:: Input material ::
# # # # # # #

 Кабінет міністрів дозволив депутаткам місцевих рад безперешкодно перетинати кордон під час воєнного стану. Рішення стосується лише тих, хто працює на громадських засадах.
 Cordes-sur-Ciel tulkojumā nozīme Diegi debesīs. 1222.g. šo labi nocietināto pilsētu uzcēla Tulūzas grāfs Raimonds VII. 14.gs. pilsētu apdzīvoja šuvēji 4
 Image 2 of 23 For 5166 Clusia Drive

# # # # # # #

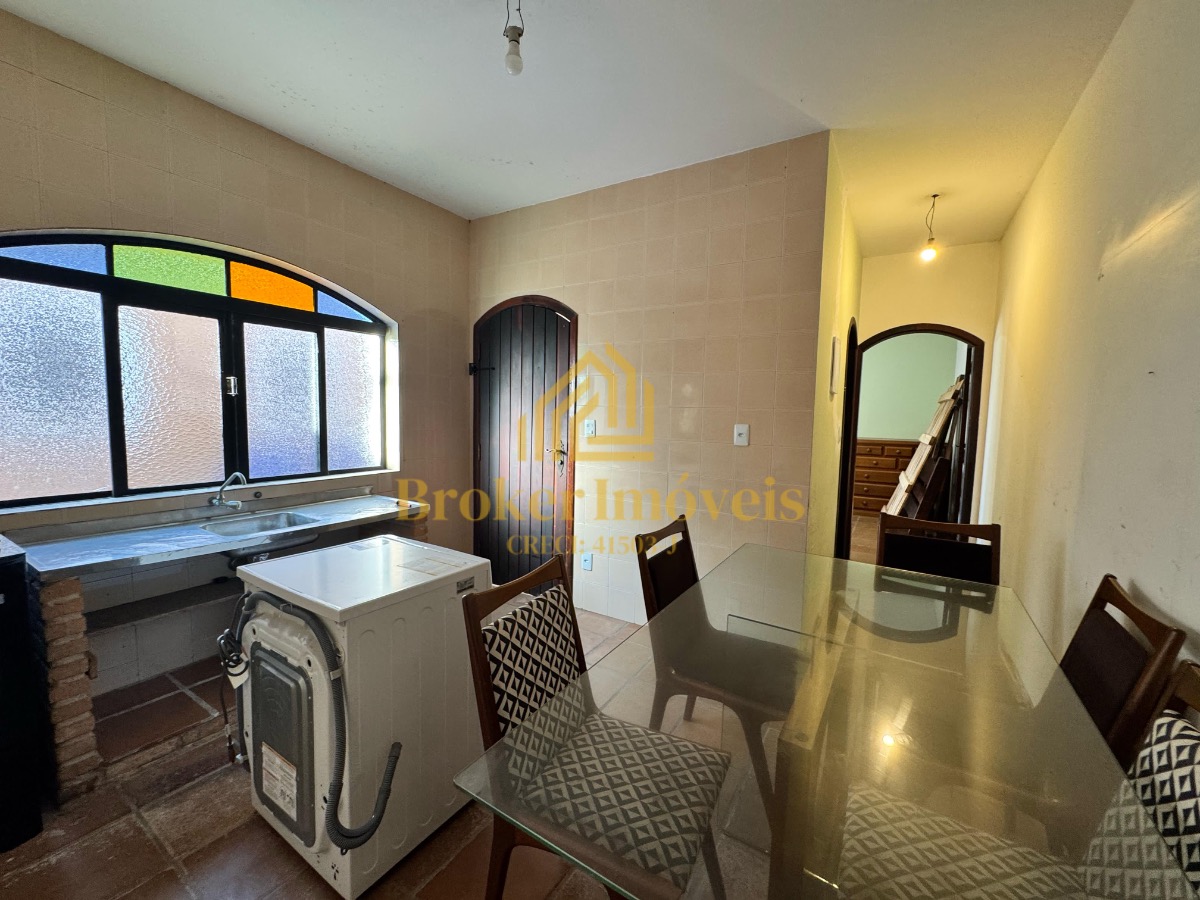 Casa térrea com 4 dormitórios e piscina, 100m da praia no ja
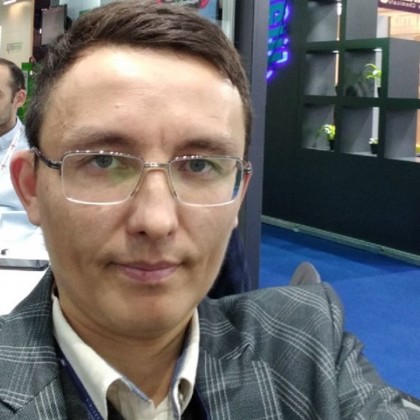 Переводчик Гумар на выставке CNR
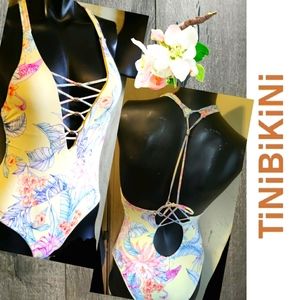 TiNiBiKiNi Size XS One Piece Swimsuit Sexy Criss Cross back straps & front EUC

# # # # # # #

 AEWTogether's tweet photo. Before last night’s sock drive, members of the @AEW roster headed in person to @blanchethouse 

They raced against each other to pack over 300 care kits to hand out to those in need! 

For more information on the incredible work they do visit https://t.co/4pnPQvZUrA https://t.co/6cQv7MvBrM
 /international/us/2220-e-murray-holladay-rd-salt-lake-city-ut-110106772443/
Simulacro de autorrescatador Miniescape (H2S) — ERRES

# # # # # # #

:: Prompt ::
In the data above, find the line that contains "Кабінет міністрів дозволив" and the line that contains "Image 2 of 23 For 5166 Clusia Drive". Repeat exactly those lines and every line between them, and only those.

:: Answer to the problem ::
 Кабінет міністрів дозволив депутаткам місцевих рад безперешкодно перетинати кордон під час воєнного стану. Рішення стосується лише тих, хто працює на громадських засадах.
 Cordes-sur-Ciel tulkojumā nozīme Diegi debesīs. 1222.g. šo labi nocietināto pilsētu uzcēla Tulūzas grāfs Raimonds VII. 14.gs. pilsētu apdzīvoja šuvēji 4
 Image 2 of 23 For 5166 Clusia Drive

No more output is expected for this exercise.